Site Plugins are a way to plug in customized content and experiences into your dealership websites. With Site Plugins you can use a variety of contextual information to decide what content to show where in an automated fashion.

Terminology

Site Plugins are made of a few parts, each listed below:

Ad Server

The Ad Server is a back end service that decides what content to deliver for a given request for content. The request can include a variety of contextual information -- location on the page, IP, user ID, keywords, ad size and more. The back end can also take into account any context provided directly to it -- sponsored vehicles, current specials, a user's viewed vehicles and more.

The Ad Server is outside the scope of this section, but you can check out more details over on the Ad Server docs.

Site Plugins

A Site Plugin is a specific set of components that decide how to render content onto dealership websites. The components contained include renderers, styles, extensions and configuration. Site Plugins can only be loaded inside of placements, and generally use Orbee's Ad Server to get related content to render.

Placements

A placement is an orb element placed on the website that Site Plugins can be loaded in to. Often these placements include a placement id that can have the Web SDK fetch the site plugin components dynamically at runtime.
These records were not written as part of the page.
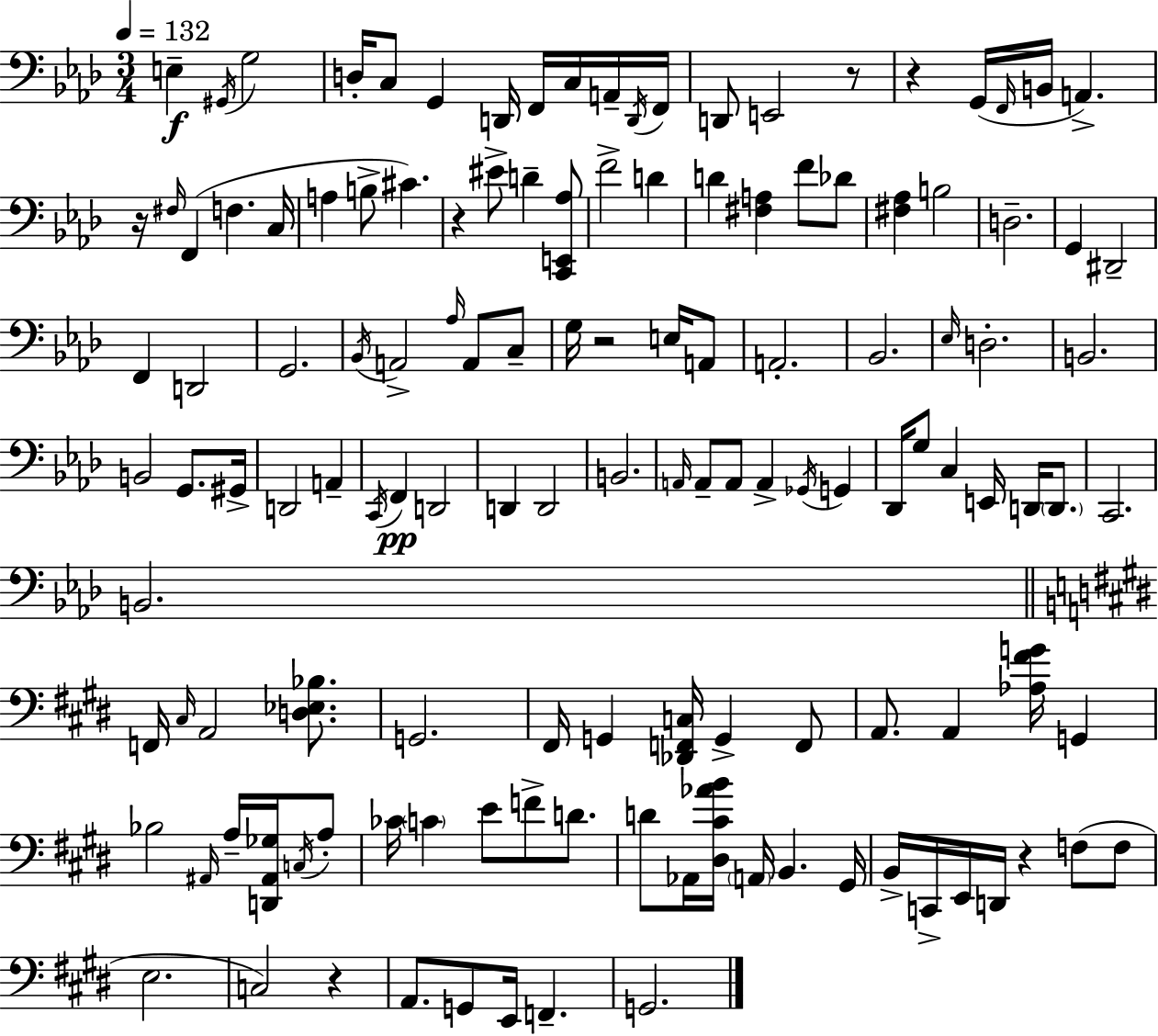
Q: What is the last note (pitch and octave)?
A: G2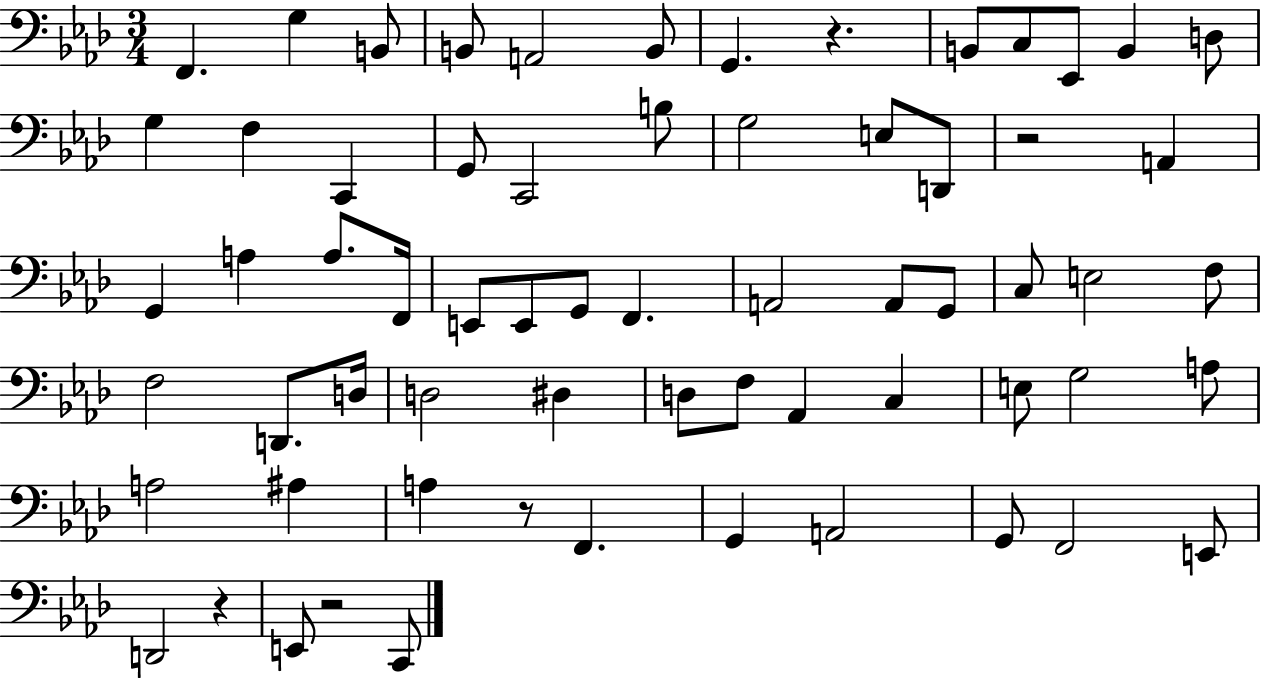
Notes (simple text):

F2/q. G3/q B2/e B2/e A2/h B2/e G2/q. R/q. B2/e C3/e Eb2/e B2/q D3/e G3/q F3/q C2/q G2/e C2/h B3/e G3/h E3/e D2/e R/h A2/q G2/q A3/q A3/e. F2/s E2/e E2/e G2/e F2/q. A2/h A2/e G2/e C3/e E3/h F3/e F3/h D2/e. D3/s D3/h D#3/q D3/e F3/e Ab2/q C3/q E3/e G3/h A3/e A3/h A#3/q A3/q R/e F2/q. G2/q A2/h G2/e F2/h E2/e D2/h R/q E2/e R/h C2/e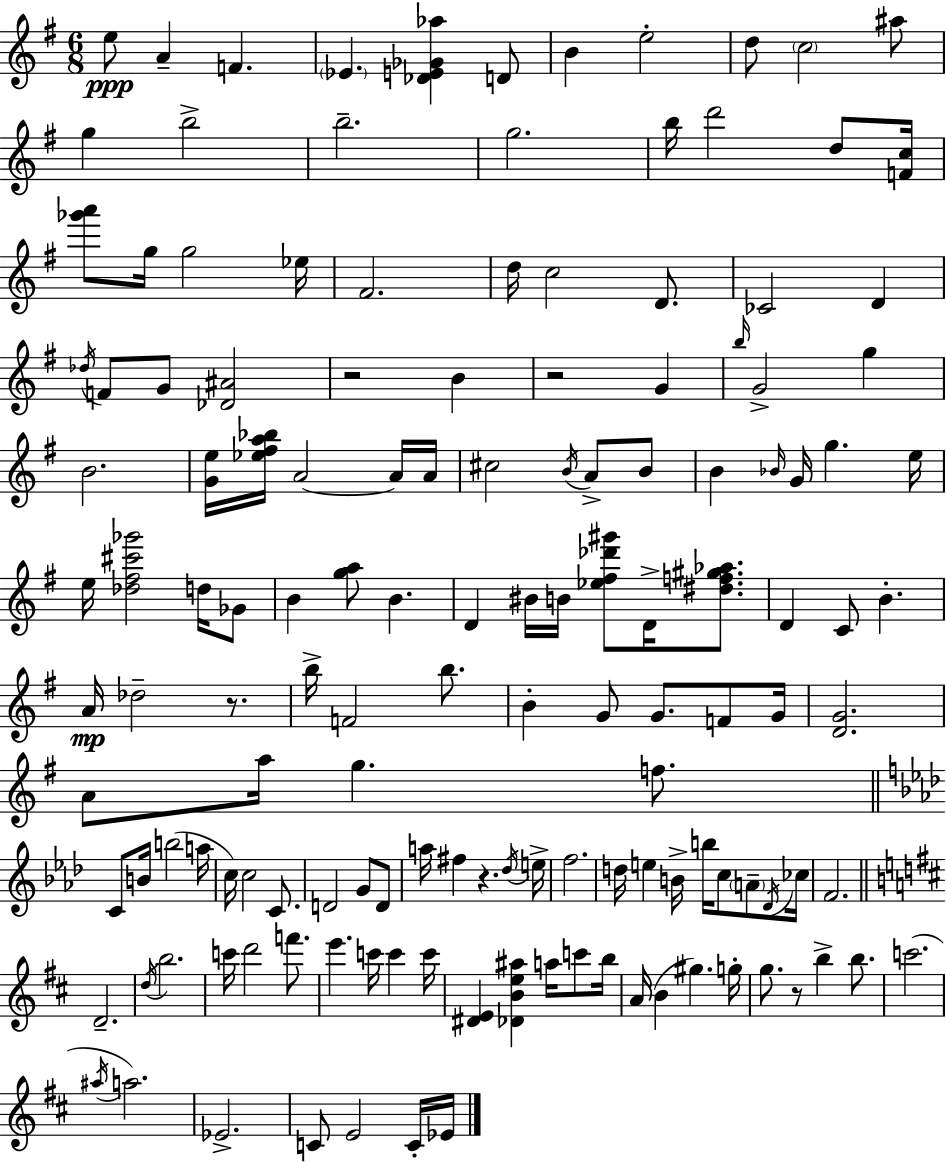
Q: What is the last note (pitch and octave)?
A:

Ways Site Plugins can be used

Site plugins also have a variety of ways they can be used on the website, and can create a variety of methods for you to accomplish the dynamic content you are looking for.

Applicable Content

Content can be applied to site plugins in three ways:

  1. Statically: Static content is an image or HTML that requires no JavaScript to run. This content can be loaded directly from the Ad Server.

  2. Native Content: Native content requires a JSON payload that is interpreted and standardized throughout the Web SDK and Orbee's Marketing Cloud. Such objects include specials, vehicles, customers and more. This content usually requires a renderer that supports that native content so that it gets rendered on the website.
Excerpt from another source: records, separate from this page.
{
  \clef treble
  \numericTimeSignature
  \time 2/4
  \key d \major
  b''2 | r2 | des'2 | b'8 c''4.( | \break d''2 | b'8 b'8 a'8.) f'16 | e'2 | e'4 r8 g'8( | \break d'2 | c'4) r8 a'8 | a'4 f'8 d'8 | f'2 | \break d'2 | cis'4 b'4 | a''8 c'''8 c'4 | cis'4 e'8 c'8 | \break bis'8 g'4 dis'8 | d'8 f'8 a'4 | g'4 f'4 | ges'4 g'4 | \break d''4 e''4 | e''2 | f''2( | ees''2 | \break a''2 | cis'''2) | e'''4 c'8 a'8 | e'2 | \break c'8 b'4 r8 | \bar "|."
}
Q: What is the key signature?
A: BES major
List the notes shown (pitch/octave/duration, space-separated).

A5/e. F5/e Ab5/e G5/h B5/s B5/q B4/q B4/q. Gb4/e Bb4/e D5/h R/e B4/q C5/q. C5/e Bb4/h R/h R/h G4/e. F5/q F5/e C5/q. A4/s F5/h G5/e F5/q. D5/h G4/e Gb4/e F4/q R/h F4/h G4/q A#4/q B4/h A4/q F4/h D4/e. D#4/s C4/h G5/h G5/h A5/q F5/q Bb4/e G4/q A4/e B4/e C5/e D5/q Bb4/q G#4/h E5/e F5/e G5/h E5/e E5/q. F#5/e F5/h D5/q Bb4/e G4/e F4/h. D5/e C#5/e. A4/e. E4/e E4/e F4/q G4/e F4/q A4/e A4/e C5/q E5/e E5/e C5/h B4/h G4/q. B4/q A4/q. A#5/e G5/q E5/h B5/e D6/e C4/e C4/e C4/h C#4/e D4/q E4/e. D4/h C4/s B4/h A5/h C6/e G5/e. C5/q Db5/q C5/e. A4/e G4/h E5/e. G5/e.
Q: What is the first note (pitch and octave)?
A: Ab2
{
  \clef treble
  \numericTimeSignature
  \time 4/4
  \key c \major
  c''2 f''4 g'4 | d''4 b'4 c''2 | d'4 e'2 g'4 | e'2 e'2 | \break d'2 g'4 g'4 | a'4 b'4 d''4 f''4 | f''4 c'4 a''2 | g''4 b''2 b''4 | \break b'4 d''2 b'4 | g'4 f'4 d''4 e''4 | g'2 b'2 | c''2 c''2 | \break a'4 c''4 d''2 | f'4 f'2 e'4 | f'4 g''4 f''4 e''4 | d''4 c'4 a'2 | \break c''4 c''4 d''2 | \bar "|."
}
  3. Third-Party Content: Third-Party content is the most dynamic of the three; its a payload that can load HTML, CSS and JavaScript anywhere it wants within the placement. Third-Party content is only allowed in the Web SDK by approved third-party vendors.

Desired Site Plugin

The specific Site Plugin loaded into a placement can also be loaded in two different ways:

  1. Statically: A placement can be configured to statically load a specific Site Plugin into itself. Based on the content request, the Site Plugin either loads or not.

  2. Dynamically: A placement can also be configured to dynamically load a variety of site plugins into itself. This requires a first request to determine the site plugin to render, then a second request for the content to deliver to the site plugin.